Sydney, The Harbour and a sailing ship from Balls Head Reserve

Balls Head Reserve Sydney Australia

Located on the northern side of Sydney Harbour, Balls Head Reserve is a scenic reserve offering breathtaking views of the harbour city and bridge. Winding tracks through regenerated native bushland let you experience the Australian bush without leaving Sydney.

History

The reserve was named after Henry Lidgbird Ball, who was a Royal Navy officer and the captain of HMS Supply during the First Fleet’s arrival in 1788.

During the 19th century, the area was utilized for quarrying and later for shipbuilding purposes. The remnants of the quarrying activity are still visible within the reserve. To the north of the reserve, Balls Head Coal Loader was an important export point for coal. The coal wharf and load out tunnels are still present and make a great addition to a visit to the area.

Getting there

Getting to Balls Head Reserve is relatively straightforward. We used the train and walked through Carradah Park and Balls Head Coal Loader before going to the reserve.

  • By public transport: Take a train to Waverton station and then enjoy a pleasant 15-20 minute walk through the picturesque streets of Waverton to reach the reserve.
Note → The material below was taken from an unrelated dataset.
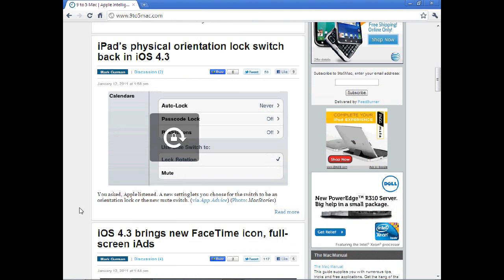And one last thing, with iOS 4.3, you can now do video streaming for AirPlay, which will be really cool instead of just doing audio. And it will also work with apps, so third-party apps not made by Apple. And there have been some apps that have been allowed to do that, but not too many until now.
Alternately, walk through Carradah Park for more views of the harbour and see the rehabilitated BP site.
  • By car: It’s recommended to arrive early to secure a spot because there is limited street parking available.

Remember to check the current public transport schedules and any restrictions in place before planning your visit.

Balls Head Reserve

We entered the reserve through the tunnels from the old coal loader. This is a great way to enter the reserves because you walk from an industrial area to a rehabilitated bush environment. Although the tunnel is well lit the walkway is rough, so watch your footing.

Following the narrow track around the headland, we had some amazing views of the harbour. Several lookout provide great places to relax and take in the views. One even has a weather shelter carved from a large boulder. We brought some snacks and drinks, so this was a great place to stop and refuel while admiring the views. We were lucky to be there when one of the sailing ships went past, returning from one of its day trips.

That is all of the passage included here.